L’origine du conflit semble remonter à l’automne 2024. À cette époque, Constant Mutamba interpelle publiquement le procureur général sur l’acquisition d’un immeuble dans la capitale belge, pour un montant estimé à 910 000 dollars. L’information, révélée par le média Africa Intelligence, concerne un bien situé dans le quartier résidentiel de Mutsaard. Le parquet ne donnera pas de suite officielle à cette interpellation, mais l’initiative du ministre marque un tournant. Elle jette une lumière crue sur les relations déjà tendues entre le ministère et le parquet général, et inaugure une série de confrontations désormais publiques.
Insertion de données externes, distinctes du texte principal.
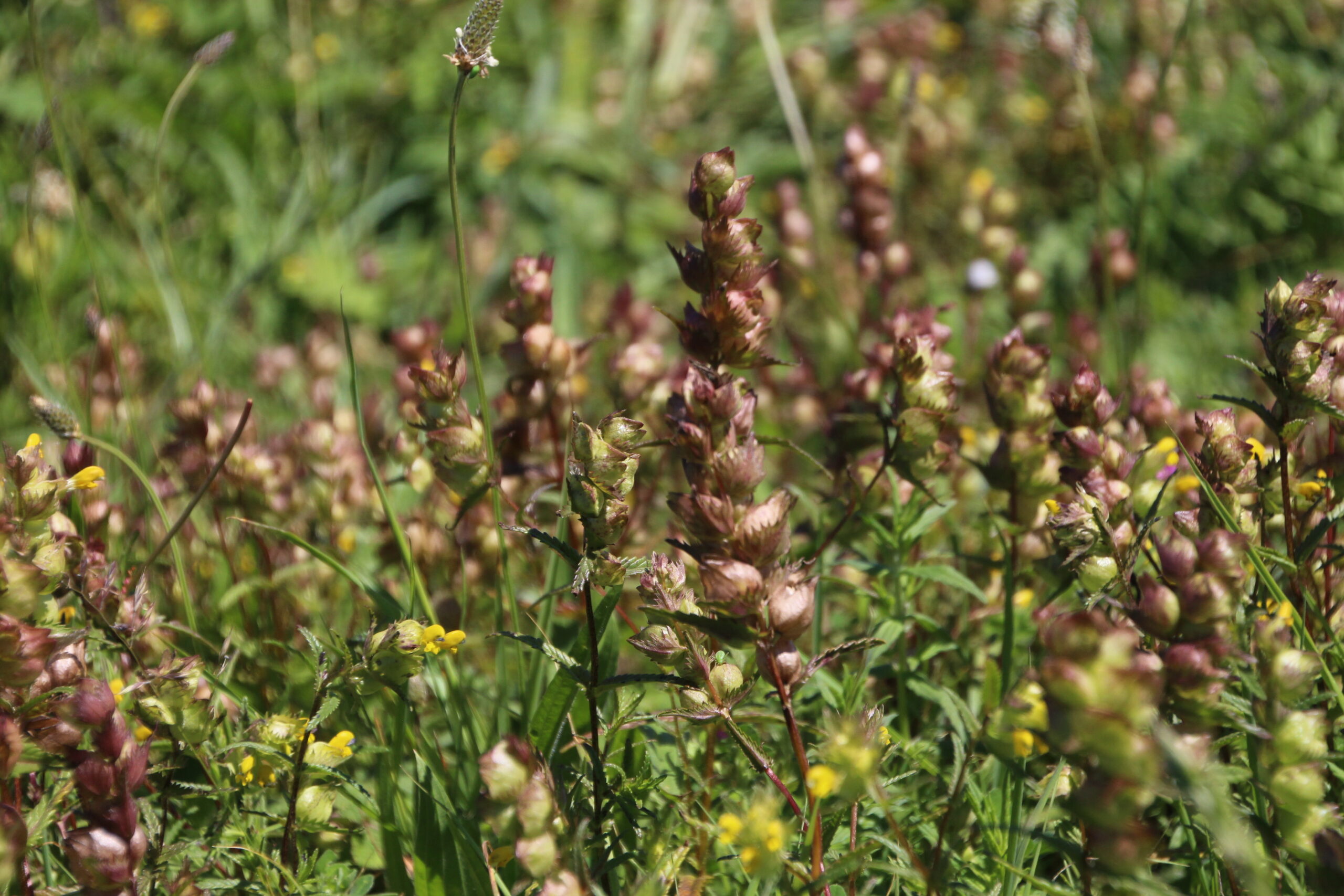 Read more about the article Yellow Rattle – making meadows with “On the Verge”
Une escalade judiciaire sans précédent
C’est dans ce climat déjà délétère qu’interviennent les deux réquisitoires adressés à l’Assemblée nationale, les 29 et 30 mai 2025. Le premier vise une affaire de gestion de fonds publics destinés à la construction d’une nouvelle prison centrale à Kisangani. Le second concerne des propos tenus par le ministre lors d’une prise de parole, le 26 mai, devant le siège de son ministère. Constant Mutamba y évoquait un « complot judiciaire tribal », dénonçait « un clan mafieux » dans la magistrature, et affirmait que les attaques contre sa personne visaient, en réalité, « le président de la République, Fatshi Béton ».
Des accusations graves, que le réquisitoire du parquet général énumère en détail, y voyant des infractions pénales telles qu’outrage à magistrat, injures publiques, menaces, ou provocation à des actes répréhensibles. Les articles 75, 135, 136 et 159 du Code pénal congolais sont invoqués pour appuyer la demande d’instruction. En réponse, une commission spéciale de l’Assemblée nationale a été constituée pour évaluer la recevabilité du deuxième réquisitoire, le premier ayant déjà franchi cette étape.
Réformes ou règlements de comptes ?
L’affaire interroge sur la frontière parfois ténue entre une volonté de réforme et une lutte d’influence. Figure ascendante de la majorité présidentielle, Constant Mutamba avait annoncé dès sa nomination sa volonté de « nettoyer les écuries d’Augias » d’une justice soupçonnée de clientélisme et d’allégeances tribales. Ses adversaires le décrivent en revanche comme un ministre clivant, volontiers provocateur, dont les méthodes interrogent sur le respect des équilibres institutionnels.
Firmin Mvonde, pour sa part, est considéré comme l’un des hauts magistrats influents du pays. Sa longévité à la tête du parquet, son silence sur les accusations le visant, mais aussi son activisme procédural à l’encontre du ministre, nourrissent les hypothèses d’un affrontement où chacun chercherait à conserver, voire à élargir, son périmètre de pouvoir.
Le risque d’une politisation
Au-delà des personnes, c’est le fonctionnement même de la justice congolaise qui se trouve fragilisé. Plusieurs observateurs s’inquiètent d’un usage sélectif des procédures, au gré des rivalités politiques. Les appels à une enquête indépendante sur le patrimoine de Firmin Mvonde, comme sur les allégations visant Constant Mutamba, se multiplient dans les milieux juridiques, sans encore susciter de réponse institutionnelle claire.
Le risque, dans un tel contexte, est celui d’un double discrédit. Discrédit sur la capacité de l’État à garantir une justice impartiale. Discrédit, aussi, sur la crédibilité des réformes engagées au nom de l’État de droit.
Dans un pays encore marqué par une culture de la défiance envers ses institutions, l’affaire Mutamba-Mvonde pourrait bien cristalliser un moment de bascule.
Car si la réforme de la justice ne peut venir que de l’intérieur, encore faut-il que ceux qui en détiennent les leviers s’engagent sincèrement sur cette voie, en assumant les exigences de transparence, de responsabilité et de remise en question qu’elle implique.